After this we segue into a flat out lie: “The availability of stablecoins is still just two and a half years old” Tether was released on February 25th, 2015. That is THREE and a half years ago. Nubits, another stablecoin (which famously broke peg), was released in 2014. Bitshares (which famously broke peg and had to be restarted), also released in 2014.

Next, we move into the part I skip in every stablecoin whitepaper I read. Namely the part that claims stablecoins are the solution to finally have merchants adopt cryptocurrencies for payment with this great quote, “A fixed price cryptocurrency would enable a greater number of use cases than current cryptocurrencies allow. At the moment, cryptocurrencies are primarily held by investors and speculators seeking to profit from price appreciation. Few people hold and use cryptocurrencies like they would US dollars (receiving a salary, paying for groceries, etc.) because prices fluctuate significantly day-to-day.” Guys, you are solving a problem that does not exist. The advantage of cryptocurrencies over most other forms of currency is the censorship resistance. There is no advantage to your coffee shop in accepting dai instead of the good old dollar. Yeah, I know I’m breaking with the cryptocurrency creed, but I do not believe merchant adoption is our solution. Especially since our choices for stablecoins are vulnerable or centralized.

There’s another paragraph in here we need to pull out in full because it shows one of my biggest issues with stablecoins: “Why is USDT so highly exchanged when its value intentionally doesn’t garner a profit or loss? Well, stablecoins are, by design, not the roller coaster ride in value the way most other cryptocurrencies are, and that is precisely what gives them appeal. If you are riding recent highs in Bitcoin and decide it’s time to sell off a portion of them temporarily, Tether allows you to do so at Bitcoin’s market price. If BTC loses 15% of its value relative to the dollar the following day, your holdings that were converted to Tether did not actually lose any value.” This is again prima facie true, however, we are again neglecting the potential for significant negative events. Tether could be frozen tomorrow by the Feds, and then you have nothing. Basis could break its peg. If Ethereum value plummets then dai forces a mass liquidation and you are lucky to collect a fraction of what you had. Stablecoins will never be as stable as a well managed fiat currency like USD (that line is going to piss people off). You are running a low probability risk of total ruin trading into a stablecoin.
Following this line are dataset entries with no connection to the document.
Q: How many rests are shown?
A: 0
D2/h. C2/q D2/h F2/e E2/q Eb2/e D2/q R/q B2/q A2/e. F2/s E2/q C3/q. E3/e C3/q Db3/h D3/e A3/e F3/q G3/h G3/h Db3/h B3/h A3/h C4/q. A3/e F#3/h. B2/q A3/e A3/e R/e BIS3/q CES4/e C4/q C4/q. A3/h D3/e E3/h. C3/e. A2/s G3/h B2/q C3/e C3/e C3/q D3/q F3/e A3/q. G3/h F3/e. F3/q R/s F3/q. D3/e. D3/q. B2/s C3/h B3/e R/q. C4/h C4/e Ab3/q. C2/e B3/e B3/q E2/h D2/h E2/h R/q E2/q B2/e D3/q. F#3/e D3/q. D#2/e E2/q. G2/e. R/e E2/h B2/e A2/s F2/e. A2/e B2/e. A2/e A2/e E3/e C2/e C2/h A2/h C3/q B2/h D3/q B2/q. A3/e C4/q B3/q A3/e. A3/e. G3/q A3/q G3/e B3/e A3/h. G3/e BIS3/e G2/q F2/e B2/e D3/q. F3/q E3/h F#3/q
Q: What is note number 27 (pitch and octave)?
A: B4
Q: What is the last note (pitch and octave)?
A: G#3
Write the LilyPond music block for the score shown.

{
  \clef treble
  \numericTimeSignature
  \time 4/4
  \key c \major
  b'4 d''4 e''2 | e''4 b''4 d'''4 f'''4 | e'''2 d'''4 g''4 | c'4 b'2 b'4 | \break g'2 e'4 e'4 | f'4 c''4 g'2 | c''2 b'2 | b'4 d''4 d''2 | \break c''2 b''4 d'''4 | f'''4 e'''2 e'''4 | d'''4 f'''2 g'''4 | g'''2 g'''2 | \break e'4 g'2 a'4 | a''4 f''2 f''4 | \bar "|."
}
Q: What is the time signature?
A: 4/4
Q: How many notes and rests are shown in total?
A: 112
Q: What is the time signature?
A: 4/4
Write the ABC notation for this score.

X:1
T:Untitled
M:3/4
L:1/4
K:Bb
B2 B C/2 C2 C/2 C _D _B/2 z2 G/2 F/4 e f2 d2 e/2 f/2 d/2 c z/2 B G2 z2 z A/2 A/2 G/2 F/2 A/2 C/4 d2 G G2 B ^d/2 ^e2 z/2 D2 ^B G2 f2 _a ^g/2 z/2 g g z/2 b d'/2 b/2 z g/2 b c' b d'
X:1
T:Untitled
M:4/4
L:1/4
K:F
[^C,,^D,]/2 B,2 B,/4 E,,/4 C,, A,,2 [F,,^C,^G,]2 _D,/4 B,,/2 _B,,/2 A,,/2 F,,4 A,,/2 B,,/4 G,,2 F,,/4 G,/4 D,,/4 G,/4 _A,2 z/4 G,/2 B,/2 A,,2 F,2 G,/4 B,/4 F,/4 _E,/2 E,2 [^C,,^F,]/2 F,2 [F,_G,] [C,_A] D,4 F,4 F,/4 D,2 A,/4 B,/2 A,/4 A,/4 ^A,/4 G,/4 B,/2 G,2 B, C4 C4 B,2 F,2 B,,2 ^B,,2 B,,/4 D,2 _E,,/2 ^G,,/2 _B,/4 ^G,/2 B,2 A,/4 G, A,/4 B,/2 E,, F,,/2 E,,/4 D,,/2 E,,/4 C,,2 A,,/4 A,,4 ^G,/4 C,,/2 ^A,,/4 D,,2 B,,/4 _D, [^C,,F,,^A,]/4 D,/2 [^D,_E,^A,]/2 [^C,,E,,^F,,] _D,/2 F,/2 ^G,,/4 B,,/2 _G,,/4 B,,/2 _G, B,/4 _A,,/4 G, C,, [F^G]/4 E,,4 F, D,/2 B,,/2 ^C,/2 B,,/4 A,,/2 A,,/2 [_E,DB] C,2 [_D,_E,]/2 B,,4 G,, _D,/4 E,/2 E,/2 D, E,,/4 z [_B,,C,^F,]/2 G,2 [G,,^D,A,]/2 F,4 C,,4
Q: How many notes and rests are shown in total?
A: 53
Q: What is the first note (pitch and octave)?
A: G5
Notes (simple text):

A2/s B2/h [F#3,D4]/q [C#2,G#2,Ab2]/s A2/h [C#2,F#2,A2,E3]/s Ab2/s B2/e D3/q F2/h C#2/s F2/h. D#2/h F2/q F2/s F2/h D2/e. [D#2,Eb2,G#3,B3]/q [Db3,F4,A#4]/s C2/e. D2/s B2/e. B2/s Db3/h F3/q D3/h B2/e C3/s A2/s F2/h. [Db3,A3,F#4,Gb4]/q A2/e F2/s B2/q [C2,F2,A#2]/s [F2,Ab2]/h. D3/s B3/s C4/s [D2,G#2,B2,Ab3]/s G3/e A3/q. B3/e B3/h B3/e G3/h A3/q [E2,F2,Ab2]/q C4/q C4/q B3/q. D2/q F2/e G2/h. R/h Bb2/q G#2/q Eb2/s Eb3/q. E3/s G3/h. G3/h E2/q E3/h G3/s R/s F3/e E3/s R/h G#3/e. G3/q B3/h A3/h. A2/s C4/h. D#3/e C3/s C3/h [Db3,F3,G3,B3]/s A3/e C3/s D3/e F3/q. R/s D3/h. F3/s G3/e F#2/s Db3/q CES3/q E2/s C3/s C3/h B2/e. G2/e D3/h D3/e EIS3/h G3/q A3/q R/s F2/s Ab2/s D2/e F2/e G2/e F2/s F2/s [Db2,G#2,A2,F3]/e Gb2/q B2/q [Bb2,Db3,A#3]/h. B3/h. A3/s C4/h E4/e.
Next we have this line, “There are no money transmission laws applicable to sending cryptocurrency from one location to another. The same cannot be said about the dollar.” Uhh… just gonna leave these references for you guys here and here. (Note: these are not directly applicable but shows that the US government is willing to apply traditional interstate transaction laws to cryptocurrency.)

Now we get into the Tether part and this is my specialty. Suffice it to say I do not believe Tether is safe. It has been subpoenaed, the auditor they fired for being too thorough has been subpoenaed, the only reason they have banking is their cofounder founded a bank, and there is good research suggesting they are responsible for price manipulation. For more complete thoughts check here.

Other note I did not really discuss in that article, there is significant reason to doubt the volume of any Tether exchange. Bitforex puts up numbers that are flat out unbelievable, Kraken seems to be wash-trading the USDT/USD pair, and Bitfinex has been caught saying they alow some very shady things that sound a lot like wash trading (here (thanks Bitfinex’ed)). What this would seem to suggest together is that there is much less liquidity in the crypto marketplace than commonly assumed. If you are curious, look into Bitforex volume and watch your world shatter.

Next, I am going to summarize my criticism of the two primary types of stablecoin, asset-backed and algorithmic.

Asset-backed: vulnerable to asset seizure, needs to be regularly audited and exchangeable or is inherently suspicious.

Algorithmic: subject to Black Swans.

In summary, stablecoins are a solution looking for a problem. The only problem they really solve is allowing exchanges to avoid KYC/AML laws and best case you trade a tax burden for a regulatory risk and attack surface.